La grue de chantier comme outil de sauvetage [VIDÉO]

La grue d’un chantier de construction d’Ottawa peut dorénavant se transformer en appareil de sauvetage en hauteur ou en profondeur.

L’idée a été mise à l’épreuve mardi par les pompiers d’Ottawa et les employés de Brigil, propriétaire du chantier du 121, avenue Parkdale, à Ottawa.

Il s’agit d’une nacelle métallique accrochée à une grue, au sol. Au lieu de soulever des matériaux de construction, la grue soulève jusqu’à trois secouristes, ainsi qu’une civière et l’éventuelle victime.

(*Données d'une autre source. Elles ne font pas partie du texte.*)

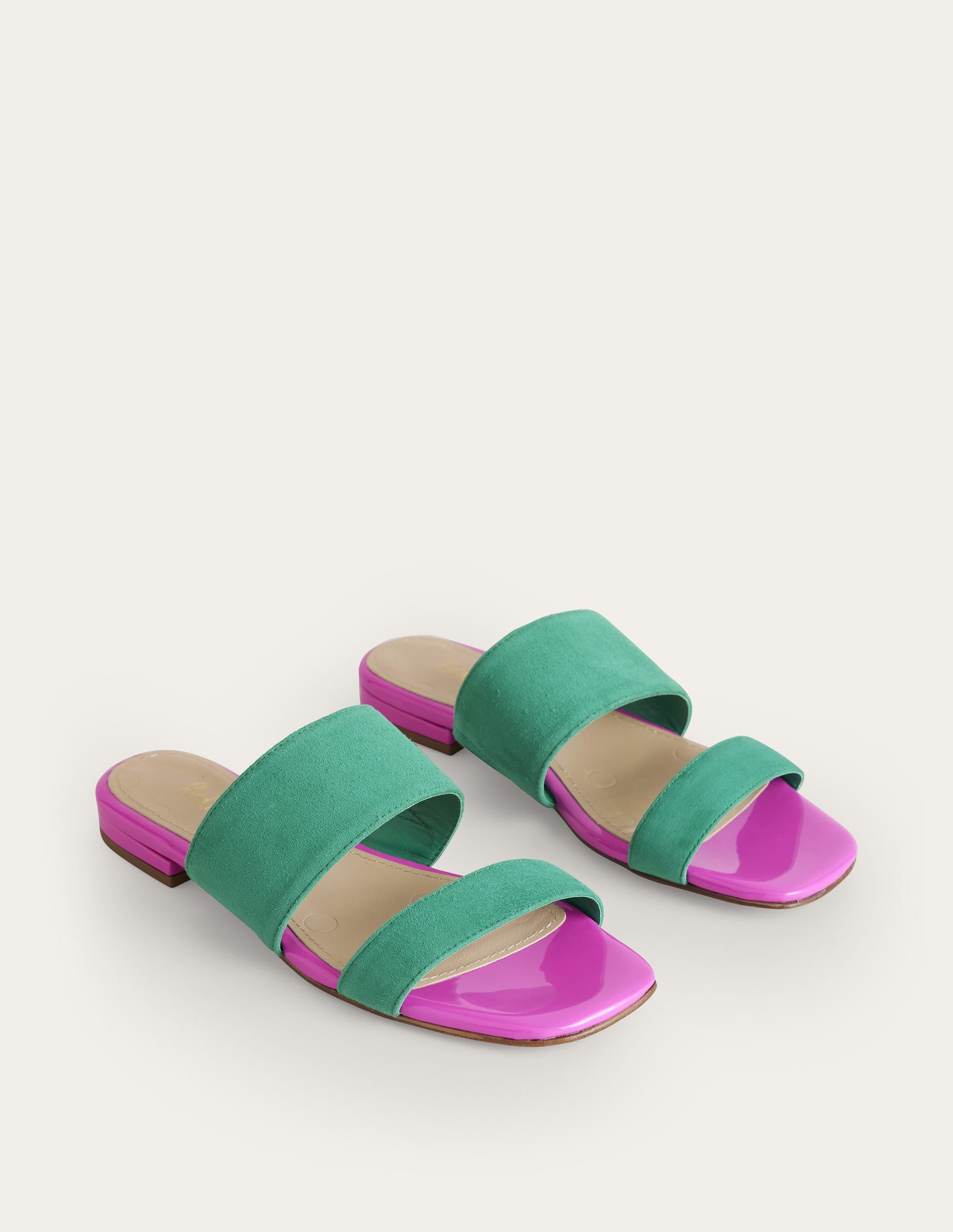 Two Strap Sandals-Green Pepper Leather - Image 4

Habituellement, les pompiers et les paramédics doivent emprunter les marches ou l’ascenseur du bâtiment en construction pour porter secours à la personne en détresse. La tâche est longue et ardue lorsqu’il s’agit de monter ou de descendre sur plusieurs mètres avec une victime en état de choc.

Après avoir accroché la nacelle à la grue, mardi, les pompiers ont mis moins d’une minute pour atteindre le 28e étage de l’édifice (environ 350 pieds), où attendait une « victime-cobaye ».

« On coupe ainsi plus de la moitié du temps d’intervention », observe le capitaine par intérim et pompier aux opérations spéciales du Service des incendies d’Ottawa, Daniel Aupry.

Cette idée est venue à l’esprit de travailleurs de la construction à l’été 2018.

« On faisait de l’excavation et une personne s’est blessée dans le trou, se rappelle le chargé de projet de Brigil, Bruce Harper. Il a fallu remonter avec lui. On a constaté que ce n’était pas sécuritaire. Alors, nous avons fait des recherches du côté des États-Unis pour trouver des «paniers» comme celui-ci. Mais c’est très cher. On l’a alors fait faire à Gatineau. »

Le constructeur a fait appel aux services de Soudure Marc Marine. La nacelle rouge, qui est la propriété du constructeur, a été certifiée par les pompiers d’Ottawa.

Dans un monde idéal, croit le capitaine par intérim Aupry, tous les chantiers du genre devraient être équipés d’un tel « panier de secours. »

La simulation de mardi était une première dans la capitale fédérale.